Starting at the line containing "画像5: Tulle inner マルエリ プルオーバー (BK) (5)" and ending at the line containing "Mango Feinstrickshirt aus", transcribe the listing below exactly. Keep both end lines, skip the pictures, and copy nothing else.

Given records:
^^^^^^^^

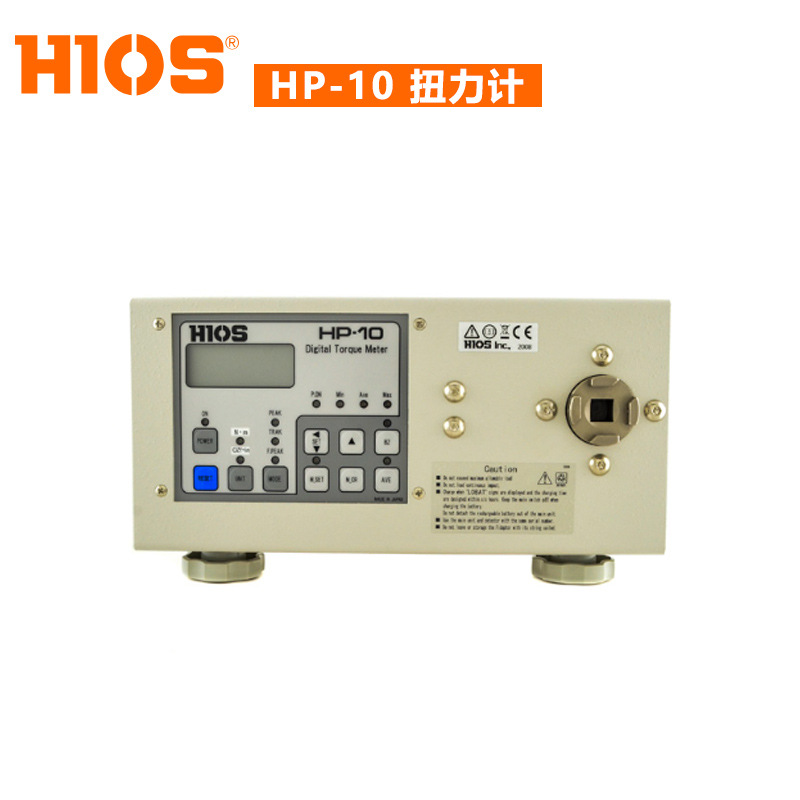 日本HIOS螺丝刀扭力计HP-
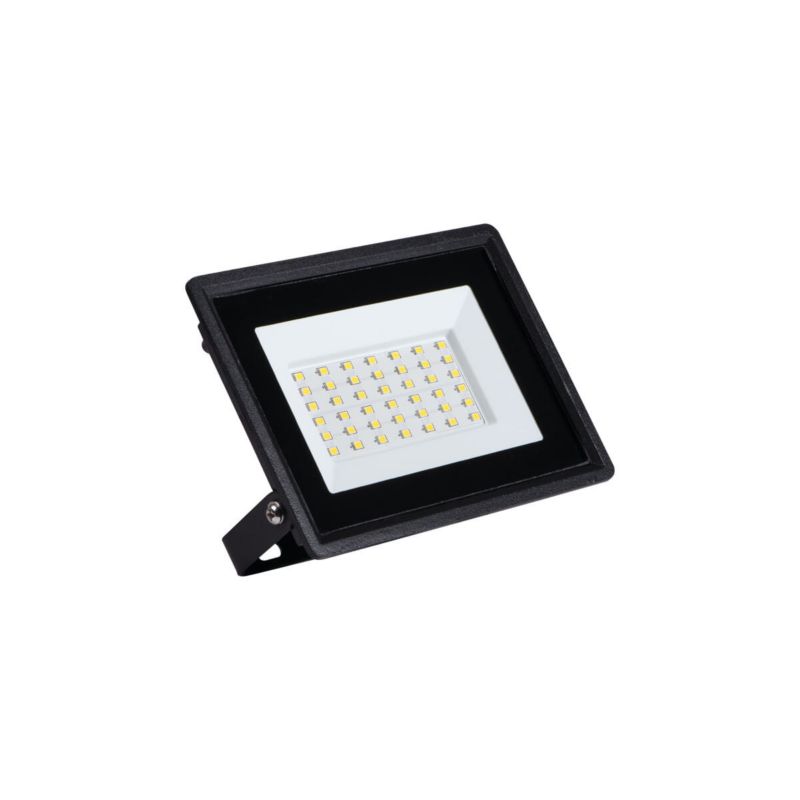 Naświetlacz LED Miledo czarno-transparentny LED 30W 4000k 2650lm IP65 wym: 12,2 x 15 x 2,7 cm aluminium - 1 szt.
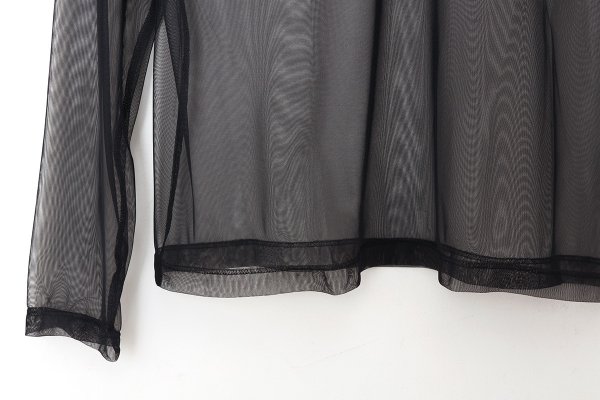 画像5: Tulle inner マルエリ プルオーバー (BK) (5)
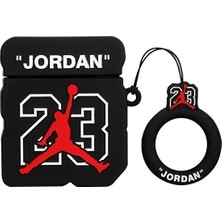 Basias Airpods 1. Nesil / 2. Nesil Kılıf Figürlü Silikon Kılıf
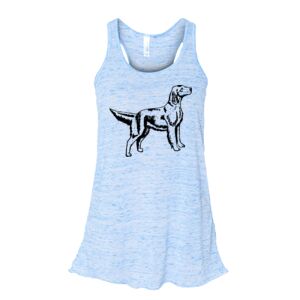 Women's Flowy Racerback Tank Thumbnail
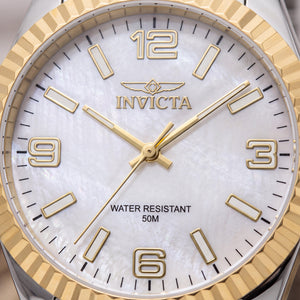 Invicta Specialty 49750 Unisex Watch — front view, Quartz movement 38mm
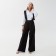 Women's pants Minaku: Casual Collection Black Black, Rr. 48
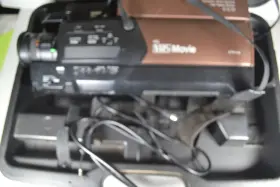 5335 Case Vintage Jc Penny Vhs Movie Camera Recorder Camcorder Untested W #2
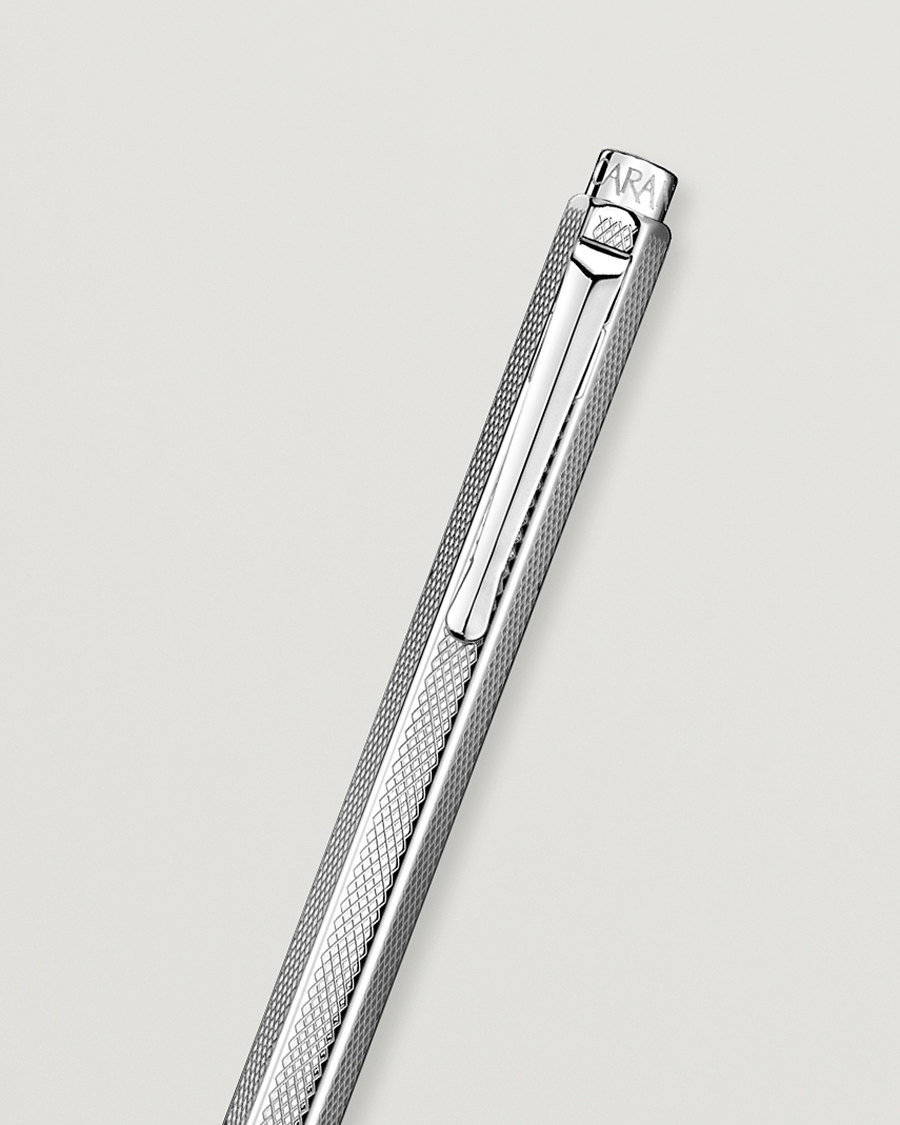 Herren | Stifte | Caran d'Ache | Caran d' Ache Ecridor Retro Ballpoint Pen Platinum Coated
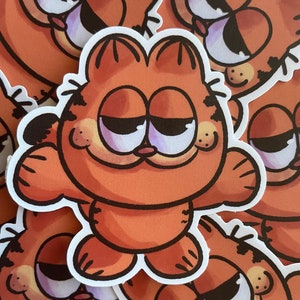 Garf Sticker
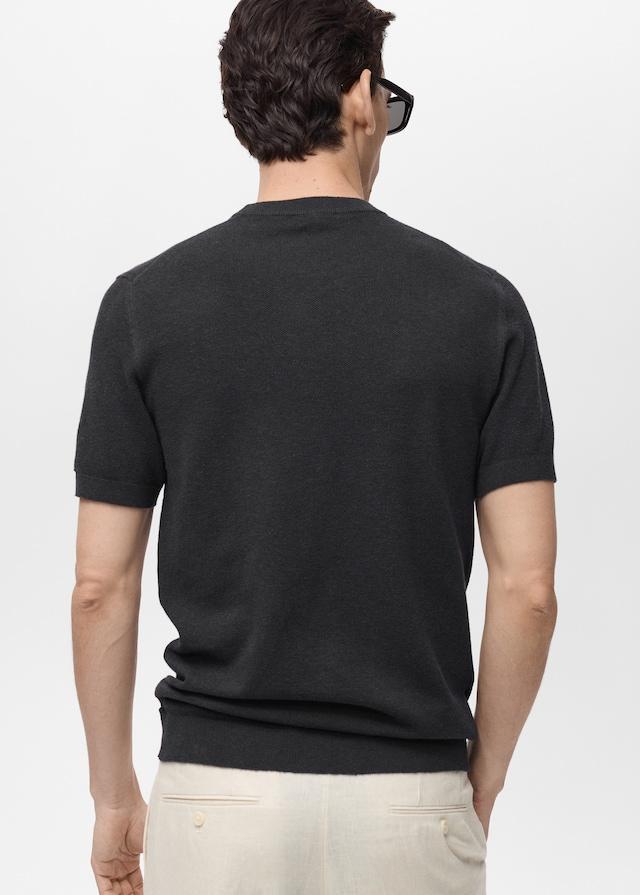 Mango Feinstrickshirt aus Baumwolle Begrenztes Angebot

^^^^^^^^

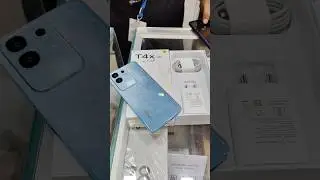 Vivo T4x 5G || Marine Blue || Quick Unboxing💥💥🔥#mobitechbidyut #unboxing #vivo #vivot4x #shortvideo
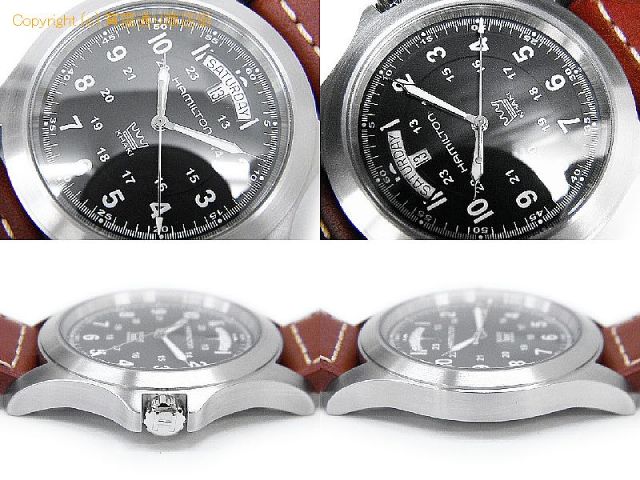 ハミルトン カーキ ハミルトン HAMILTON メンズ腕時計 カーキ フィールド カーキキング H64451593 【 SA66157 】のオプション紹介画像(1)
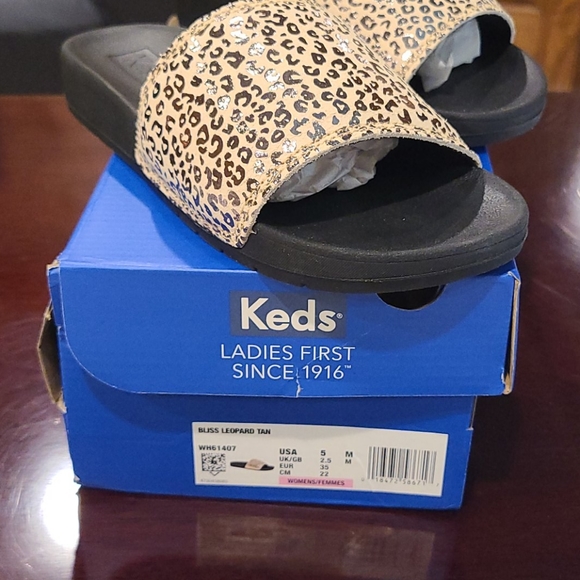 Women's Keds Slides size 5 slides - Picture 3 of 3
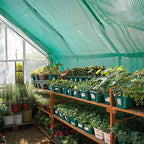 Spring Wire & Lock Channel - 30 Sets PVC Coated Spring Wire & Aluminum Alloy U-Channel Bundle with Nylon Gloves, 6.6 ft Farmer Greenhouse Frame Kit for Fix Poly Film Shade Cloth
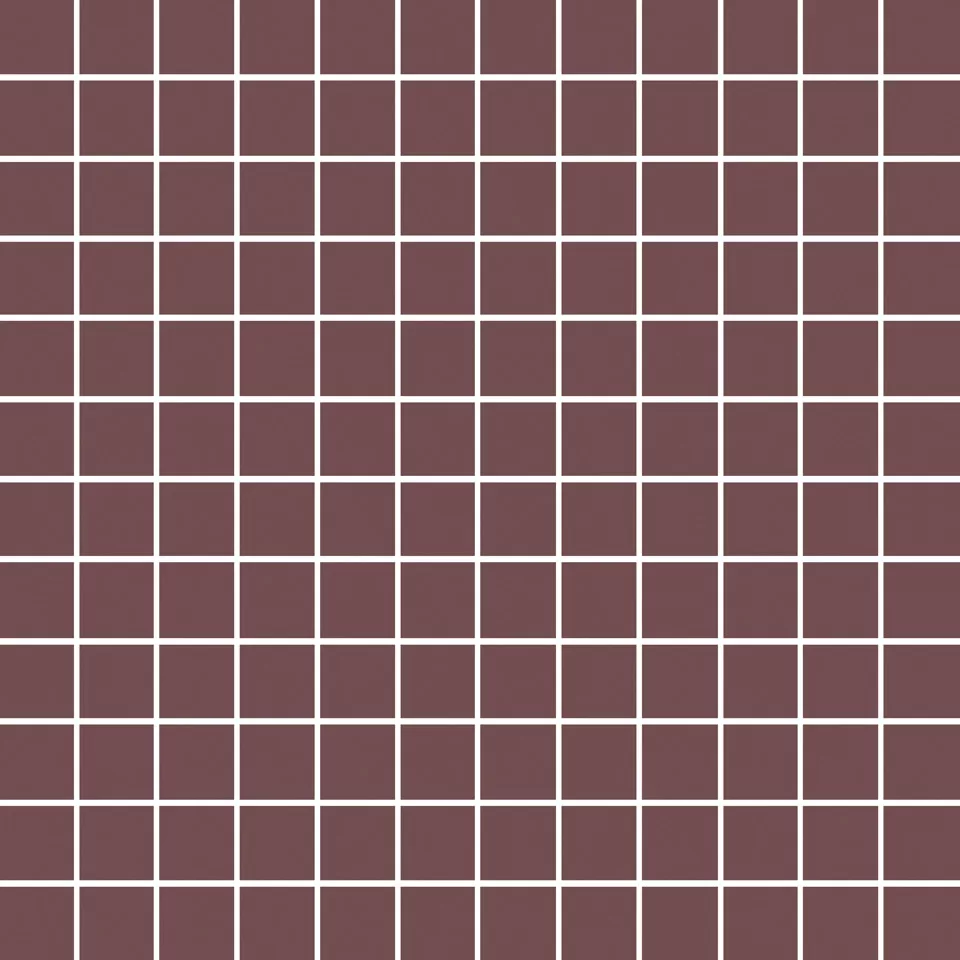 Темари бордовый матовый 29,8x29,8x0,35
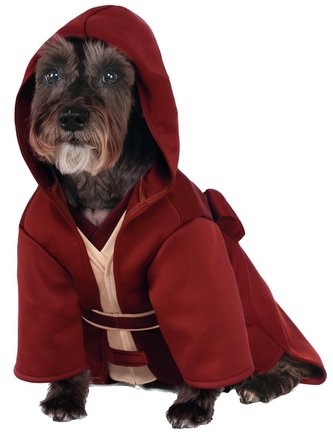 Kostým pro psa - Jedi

^^^^^^^^

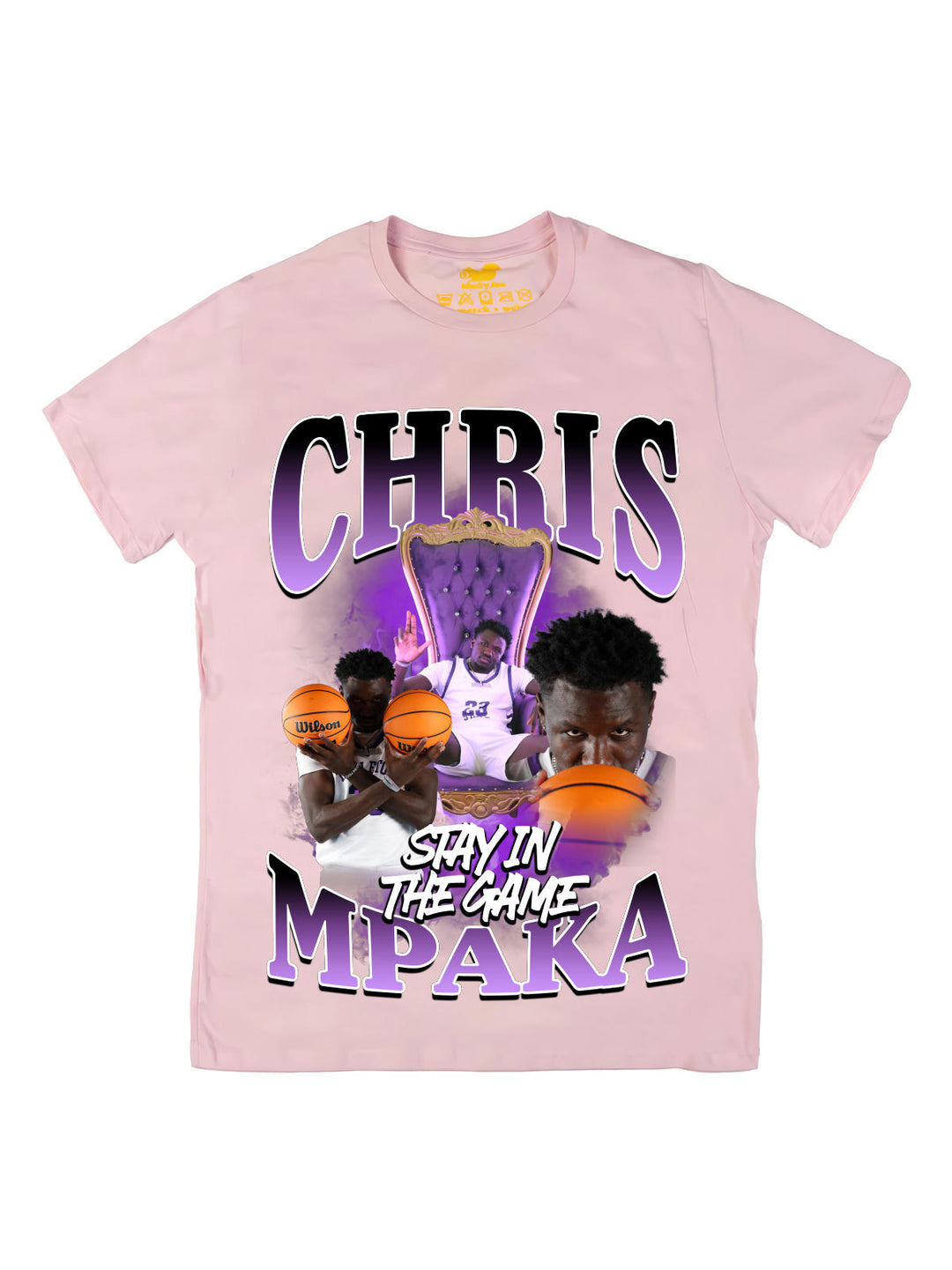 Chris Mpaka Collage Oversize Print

^^^^^^^^

Answer to this task:
 画像5: Tulle inner マルエリ プルオーバー (BK) (5)
 Basias Airpods 1. Nesil / 2. Nesil Kılıf Figürlü Silikon Kılıf
 Women's Flowy Racerback Tank Thumbnail
 Invicta Specialty 49750 Unisex Watch — front view, Quartz movement 38mm
 Women's pants Minaku: Casual Collection Black Black, Rr. 48
 5335 Case Vintage Jc Penny Vhs Movie Camera Recorder Camcorder Untested W #2
 Herren | Stifte | Caran d'Ache | Caran d' Ache Ecridor Retro Ballpoint Pen Platinum Coated
 Garf Sticker
 Mango Feinstrickshirt aus Baumwolle Begrenztes Angebot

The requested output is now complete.